Cundió la alarma pero como es verdad la frase de que “siempre hay un ojo que te
ve”, alguien vio cuando don Diego Felipe tomó el camino del Bayamo detrás de
doña Felisa, y la gente del pueblo decidió esperarlo. Pero las comadres, que no
faltan en ningún pueblo, comenzaron a censurar agria y despiadadamente la falta
de discreción del Alcalde. Luego, los que había tenido que sufrir la cólera y
el mal genio de don Felipe se vengaron echando leña al fuego. Y los más
sensatos insistieron en esperar, “porque un día tiene que volver”, decían.
Y pasaron meses y Holguín sin Alcalde. La administración,
obviamente, se sumió en el anarquismo total. El Cabildo se reunió en Sesión
privada: “Que horror”, se quejaban los Regidores, “ese cabeza loca se ha
marchado de Holguín sin comunicarlo al Consistorio y sin exponer los motivos
que ha tenido para dejar a esta República”. (República se le decía entonces al
territorio jurisdiccional regido por un Cabildo) y finalmente la mayoría
consideró que si el Alcalde no estaba, había que seleccionar a otro, y lo
hicieron: El elegido fue el Alférez Real don Diego de la Torre Hechavarría.
Luego informaron lo ocurrido al Gobernador Provincial y aquella autoridad estuvo
de acuerdo con la decisión.
Pero no se acaba aquí el cuento, sino que ahora viene lo
más interesante... Feliz, porque había conquistado a doña Felisa, regresa don Diego Felipe. Baja del carruaje delante de
la casa sede del Gobierno. Y se entera de lo ocurrido, pero como él trae la
vara de Alcalde exige que le entreguen su cargo...
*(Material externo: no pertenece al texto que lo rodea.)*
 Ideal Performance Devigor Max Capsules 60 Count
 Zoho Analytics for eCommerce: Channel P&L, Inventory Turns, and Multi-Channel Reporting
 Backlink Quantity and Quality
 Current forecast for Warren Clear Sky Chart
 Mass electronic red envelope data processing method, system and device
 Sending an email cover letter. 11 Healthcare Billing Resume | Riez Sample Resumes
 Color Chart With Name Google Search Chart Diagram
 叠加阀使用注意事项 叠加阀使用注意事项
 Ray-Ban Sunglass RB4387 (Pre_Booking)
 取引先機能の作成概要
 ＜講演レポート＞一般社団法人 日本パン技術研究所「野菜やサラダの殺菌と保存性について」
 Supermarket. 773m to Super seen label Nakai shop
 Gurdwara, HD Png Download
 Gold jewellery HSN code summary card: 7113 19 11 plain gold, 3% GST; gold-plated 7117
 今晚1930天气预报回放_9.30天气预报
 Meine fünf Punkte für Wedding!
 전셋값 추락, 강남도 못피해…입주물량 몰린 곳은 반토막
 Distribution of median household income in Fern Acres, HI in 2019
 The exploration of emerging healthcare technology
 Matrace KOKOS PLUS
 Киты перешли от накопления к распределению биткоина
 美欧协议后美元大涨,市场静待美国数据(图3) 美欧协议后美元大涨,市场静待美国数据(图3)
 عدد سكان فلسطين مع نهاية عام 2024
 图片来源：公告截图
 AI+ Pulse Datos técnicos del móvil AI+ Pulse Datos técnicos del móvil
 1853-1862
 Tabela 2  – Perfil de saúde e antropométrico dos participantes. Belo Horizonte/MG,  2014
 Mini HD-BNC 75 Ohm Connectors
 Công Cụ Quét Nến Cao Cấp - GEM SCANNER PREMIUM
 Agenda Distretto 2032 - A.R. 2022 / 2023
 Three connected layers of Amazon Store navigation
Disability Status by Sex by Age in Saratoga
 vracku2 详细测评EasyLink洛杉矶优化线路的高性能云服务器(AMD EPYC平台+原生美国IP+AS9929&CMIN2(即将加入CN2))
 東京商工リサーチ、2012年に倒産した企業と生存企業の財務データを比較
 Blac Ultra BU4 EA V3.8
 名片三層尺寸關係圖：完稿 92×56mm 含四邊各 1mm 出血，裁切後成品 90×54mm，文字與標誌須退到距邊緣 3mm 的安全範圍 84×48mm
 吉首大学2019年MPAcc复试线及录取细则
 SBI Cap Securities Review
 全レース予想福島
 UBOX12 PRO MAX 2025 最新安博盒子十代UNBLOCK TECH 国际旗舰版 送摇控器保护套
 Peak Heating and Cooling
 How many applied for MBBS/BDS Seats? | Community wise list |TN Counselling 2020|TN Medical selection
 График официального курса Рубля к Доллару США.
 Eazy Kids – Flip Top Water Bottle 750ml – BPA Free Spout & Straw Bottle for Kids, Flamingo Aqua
La decisión de entregarle el cargo o no, le correspondía
al escribano don Lorenzo Castellanos y Cisneros, empleado recto y cumplidor
(sin que por eso tengamos que esconderle que el escribano bebía más de la
cuenta, pero, felizmente estaba sobrio el día que regresó don Diego, el
enamorado). “Se ha vuelto loco usted”, dijo el escribano al ex alcalde, “se
cree que íbamos a esperarle. Ha sido separado del cargo, don Felipe y no hay
vuelta atrás”...
Dicen que la reacción de don Felipe fue como para taparse
los oídos: Arremetió con un vendaval de insultos, calificó a todos, incluyendo
al Teniente Gobernador y al Alcalde Provincial como una partida de brutos, y
que se quejaría él al mismísimo rey. Aunque no, no se quejó al rey... y tampoco
pudo hacer nada cuando recibió una carta de doña Felisa quien le comunicaba,
desde Bayamo, que lo había pensado mejor, y que no estaba ella de ánimo como para
mantener amoríos con él... ¿A él? Que otro remedio le quedaba sino callarse la
boca e irse con su mal genio a otra parte.
Si alguien duda de la veracidad de esta historia, puede comprobar
que todo lo dicho es rigurosamente cierto leyendo el Acta del Cabildo del 29 de
diciembre de 1756 que se guarda en el Archivo Provincial de Historia.